1) I’m thinking this spotlight will motivate me to do things. That’s all. Don’t get your hopes up. My ideas of ‘things’ are pretty tame. There will be no visuals of me bungee jumping at this juncture. 2) Perhaps having an outlet for happiness and aggravation will be beneficial for all my friends who have to otherwise deal with me the hard way (all have high hopes of this but again, don’t commit to freedom). 3) If you can take a glance and navigate away slightly amused, well, that’s better than online banking.

Below is a visual invitation into my world and the design world at large. I keep up on design blogs like nobody’s business, and it affords me some pretty great oohing and ahhing and many, many laughs. Over time, you begin to see trends that really do touch not only all areas of the country, but all areas of the world. Here are some items that are REALLY in vogue right now.

Food-wise, you can’t hit a colorful blog without seeing these little suckers. I’m thinking I’ll make my own batch one day to further unite myself to the ‘in crowd.’

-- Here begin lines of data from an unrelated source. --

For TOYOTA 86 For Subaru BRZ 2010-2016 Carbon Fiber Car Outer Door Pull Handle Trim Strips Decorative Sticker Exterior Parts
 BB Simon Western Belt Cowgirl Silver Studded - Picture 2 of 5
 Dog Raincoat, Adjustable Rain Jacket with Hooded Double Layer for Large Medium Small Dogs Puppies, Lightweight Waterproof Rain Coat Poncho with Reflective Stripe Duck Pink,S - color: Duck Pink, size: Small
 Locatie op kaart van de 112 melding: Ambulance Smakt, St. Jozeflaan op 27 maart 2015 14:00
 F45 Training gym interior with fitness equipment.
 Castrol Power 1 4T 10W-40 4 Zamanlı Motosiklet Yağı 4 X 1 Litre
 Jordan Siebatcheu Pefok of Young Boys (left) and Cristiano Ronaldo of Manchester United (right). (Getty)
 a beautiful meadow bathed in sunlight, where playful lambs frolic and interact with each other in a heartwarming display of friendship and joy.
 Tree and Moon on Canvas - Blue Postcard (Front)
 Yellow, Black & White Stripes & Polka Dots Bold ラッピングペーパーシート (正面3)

“+{] Keep Calm and Cary On“

Here’s something that I thought was cool WAY before it was, so just keep that in mind.
Hannah’s History Hints:
During WWII, several posters were designed, though not printed, to promote morale in the British Isles. Two that were printed, and are more commonly known, read, “Your courage, your cheerfulness, your resolution will bring us victory” and “Freedom is in Peril.” The image you see (left) was designed in case of invasion of Britain by Germany. Didn’t happen. Poster – dismissed. UNTIL, one day, it was picked up by the most unlikely collector imaginable. A bookseller. For a few prints had been made (though were never seen by the public) and one managed to escape the massive pulp fest at the end of the war. Today, it’s in every home magazine or modern blog, either represented in its original color (red) or in a myriad of others. It has also attracted many parodies as of late (below).


  1. *Thank* you for the history lesson. I love this kind of stuff, but (raising hand) pulp fest? What mean you by this?

  2. Not to worry - this is not more historic trivia, rather a phrase meant to describe all the destruction of propaganda papers after the war via paper pulp :)

  3. Aaaah, I thought perhaps destruction had something to do with it, but I couldn't find that anywhere. Thank you, ma'am.